Steffen Klassert Oct. 6, 2023, 5:49 a.m. UTC | #1

On Wed, Oct 04, 2023 at 03:04:53PM +0200, Antony Antony wrote:
> Hi,
> 
> I have added how to enable this feature, and more description to the second
> patch. Here is copy of that.
> 
> xfrm: Support GRO for IPv4i & IPv6 ESP in UDP encapsulation
> 
> This patchset enables the GRO codepath for ESP in UDP encapsulated
> packets. Decapsulation happens at L2 and saves a full round through
> the stack for each packet. This is also needed to support HW offload
> for ESP in UDP encapsulation.
> 
> Enabling this would imporove performance for ESP in UDP datapath, i.e
> IPsec with NAT in between.

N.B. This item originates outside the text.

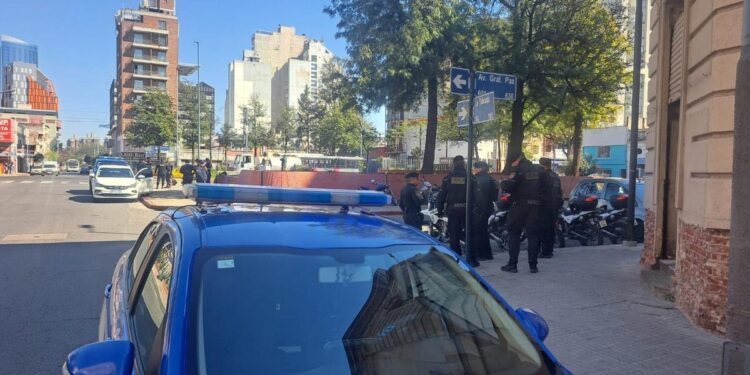Incidentes en la sede de la UOCRA Córdoba: detenciones y un policía lesionado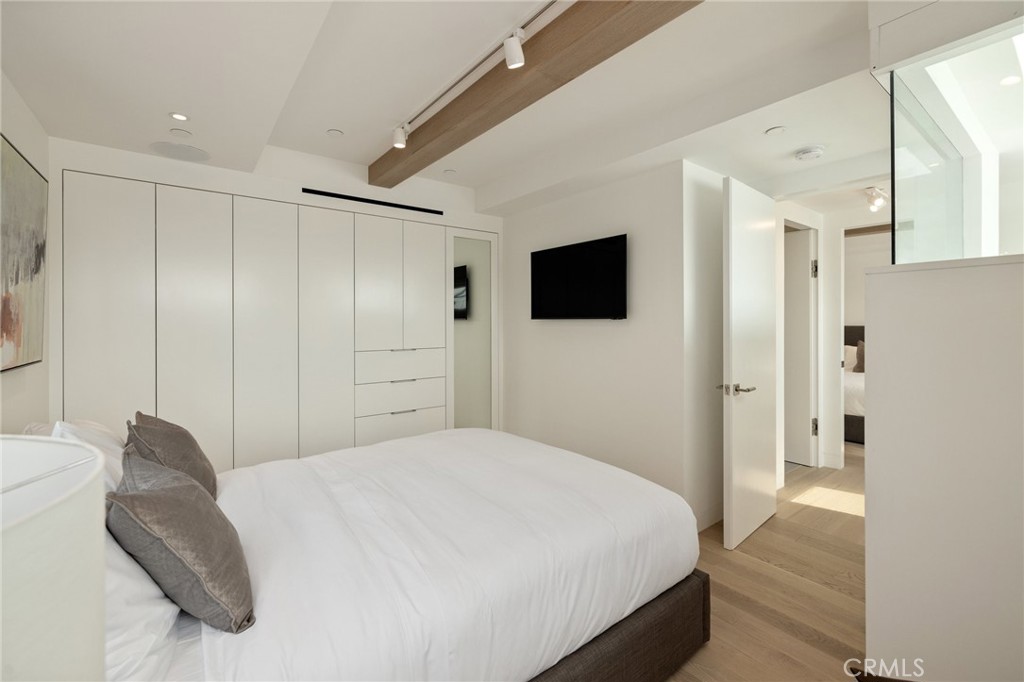 4310 Ocean Drive Manhattan Beach, CA 90266 - Photo 34 of 54 a bedroom with a bed and a flat tv screen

Our initial tests show 20% improvement.
> 
> 
> By default GRP for ESP-in-UDP is disabled for UDP sockets.
> To enable this feature for an ESP socket, the following two options
> need to be set:
>  1. enable ESP-in-UDP: (this is already set by an IKE daemon).
>     int type = UDP_ENCAP_ESPINUDP;
>     setsockopt(fd, SOL_UDP, UDP_ENCAP, &type, sizeof(type));
> 
>  2. To enable GRO for ESP in UDP socket:
>     type = true;
>     setsockopt(fd, SOL_UDP, UDP_GRO, &type, sizeof(type));
> 
> Enabling ESP-in-UDP has the side effect of preventing the Linux stack from
> seeing ESP packets at the L3 (when ESP OFFLOAD is disabled), as packets are
> immediately decapsulated from UDP and decrypted.
> This change may affect nftable rules that match on ESP packets  at L3.
> Also tcpdump won't see the ESP packet.
> 
> Developers/admins are advised to review and adapt any nftable rules
> accordingly before enabling this feature to prevent potential rule breakage.
> Also tcpdump will not see from ESP packets from a ESP in UDP flow when this
> is enabled.
> 
> ---
> 
> Initial, a quick test showed performance difference of about 20%
> impromvent on the receiver, when using iperf, tcp flow, over ESP in UDP.
> 
> Steffen Klassert (3):
>   xfrm: Use the XFRM_GRO to indicate a GRO call on input
>   xfrm: Support GRO for IPv4 ESP in UDP encapsulation
>   xfrm: Support GRO for IPv6 ESP in UDP encapsulation
> 

Series applied to ipsec-next.

Thanks so much for finalizing this work Antony!